1. You won’t find textbook beliefs on the street
“I formally studied Islam before I moved to the Balkans, and I quickly learned that I knew more about some formal teachings of Islam than the local people. The average person in my community doesn’t read the Koran or go to the mosque regularly. One of my friends identifies as a Muslim and wears a gold chain with his astrological sign. On paper those elements don’t add up. What I’ve found is that individuals don’t always meet the textbook definition of their religion, and discussing formal teachings can be almost pointless. It’s important to develop real relationships by getting to know the person, not just knowing what he or she is supposed to believe.” –Nolan, Balkans
2. Real people are messy
“We often hear about discipleship as a linear process from budding faith to maturity in Christ. But the reality is that people are non-linear in their walk with Jesus. Some have amazing transformations, while others struggle for years. You’ll experience heartbreak over someone’s life-destroying choices, but you’ll also experience indescribable joy as you watch someone go from walking in darkness to rejoicing in the light. True disciple-making relationships come with an emotional price to pay.” –Dave, Ecuador
3. The stress of crossing cultures will reveal your own sin
“I learned about culture shock before I went to Haiti. But one day early on, I found myself angry over a small thing. I was puzzled – what part of culture shock was this? I didn’t know I had issues with anger. But the stress of learning a new language and culture, and getting along with teammates who were so different than me, squeezed out things deep within my heart that I had not dealt with properly.” –Bruce, Haiti and Senegal
4. You need the local people as much as they need you
“During my intercultural studies internship, I relied on my American supervisors for everything I needed. After I graduated, I returned to Asia but this time, I had to learn to depend on local people when I needed help or had questions. It turns out they were even better helpers than my American friends because this was their home. In school, I learned to trust my training and my team (and God, of course). On the ground, I learned to trust my local friends, which not only benefited me but also grew our relationships deeper.” –Jana, Central Asia
5. When does helping help, and when does it hurt?
“Missions training on themes like creating dependency and economic development goals lose a lot of their practical application when you live among the people. The principles are good, but real-life issues are much less black and white. There’s so much nuance in learning how to help people in a constructive way that can’t be taught in a classroom; it has to be learned in the context of sincere relationships with the people you’re serving.” –Dave, Ecuador
6. Making disciples means sitting with people
“You can’t build relationships through a book. You have to be present, live among the people, and get involved in their lives. I didn’t always agree with their superstitions and traditions, but I learned to respect them. To earn the people’s respect, you have to respect them first.” –Darlene, Dominican Republic
7. You’ll be at home nowhere and everywhere
“We were at home in Nashville before we moved overseas.
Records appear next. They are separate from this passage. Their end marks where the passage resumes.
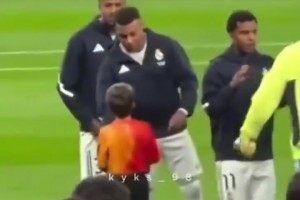 暖男！小球童跑向姆巴佩想要他的外套，后者爽快答應(yīng)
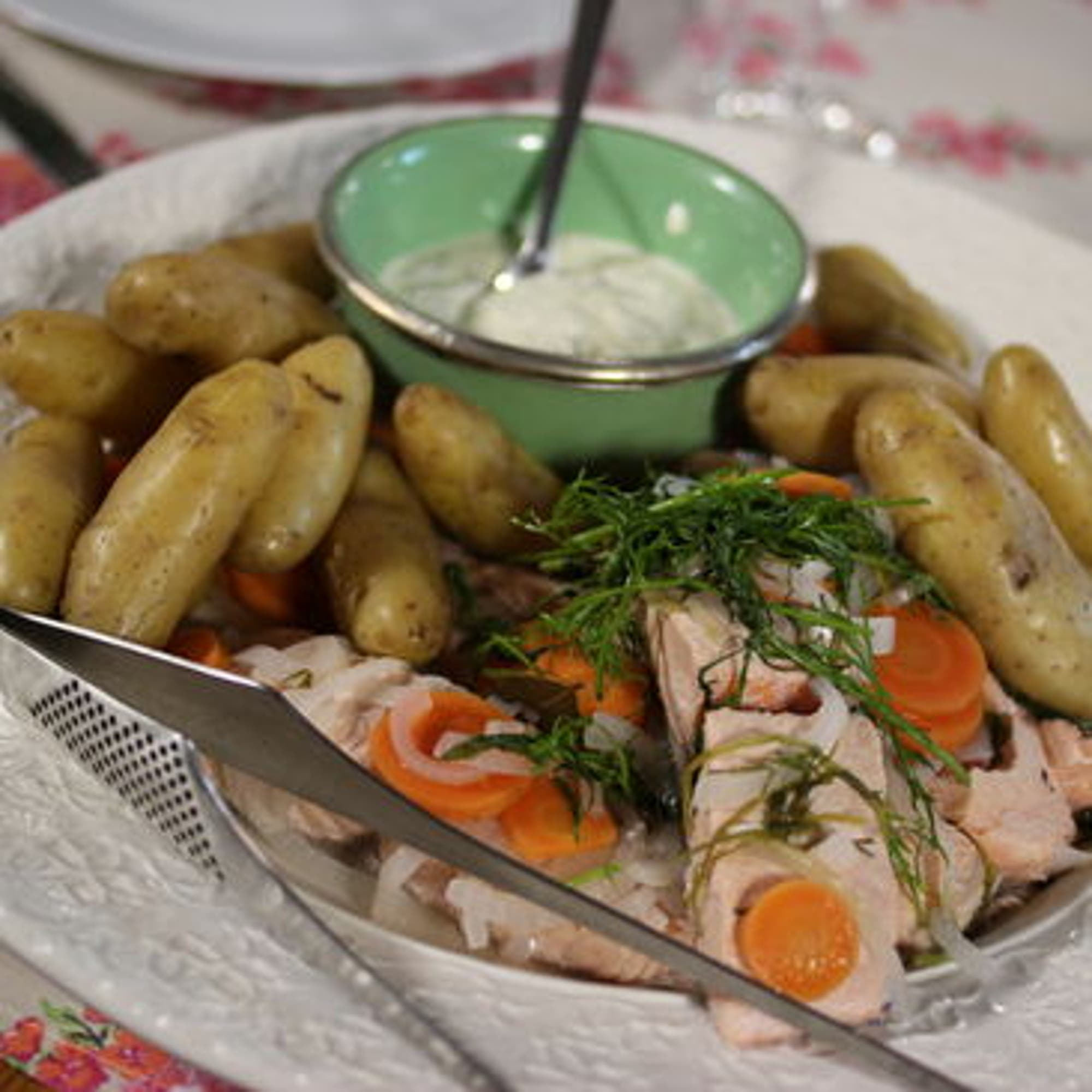 Inkokt lax med potatis och dillmajonäs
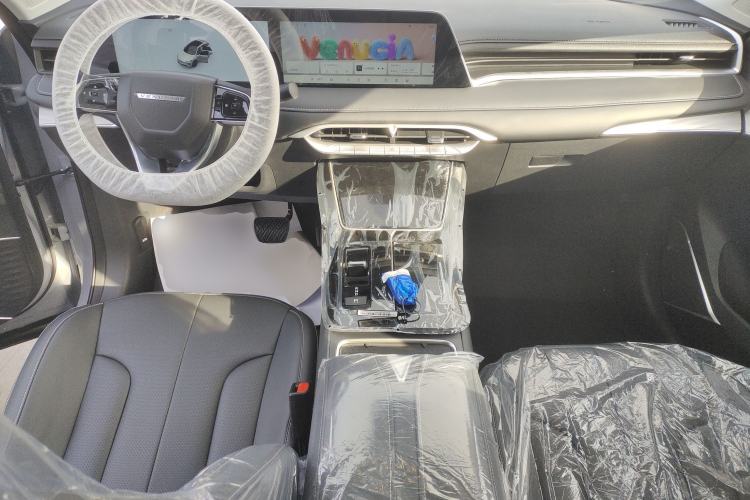 Used Venucia V DD-i 2025 Orca 150km Joyful Journey Edition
When we got to West Asia, we were not at home there. But then when we came back to the United States, we weren’t at home in Nashville anymore either. We had changed. We went from being at home in one place to being at home nowhere. Eventually, though, as we learned to transition cultures and understand people, we came to feel at home everywhere.” –Virgil, West Asia
The people in this story are real, but some names have been changed to protect their privacy.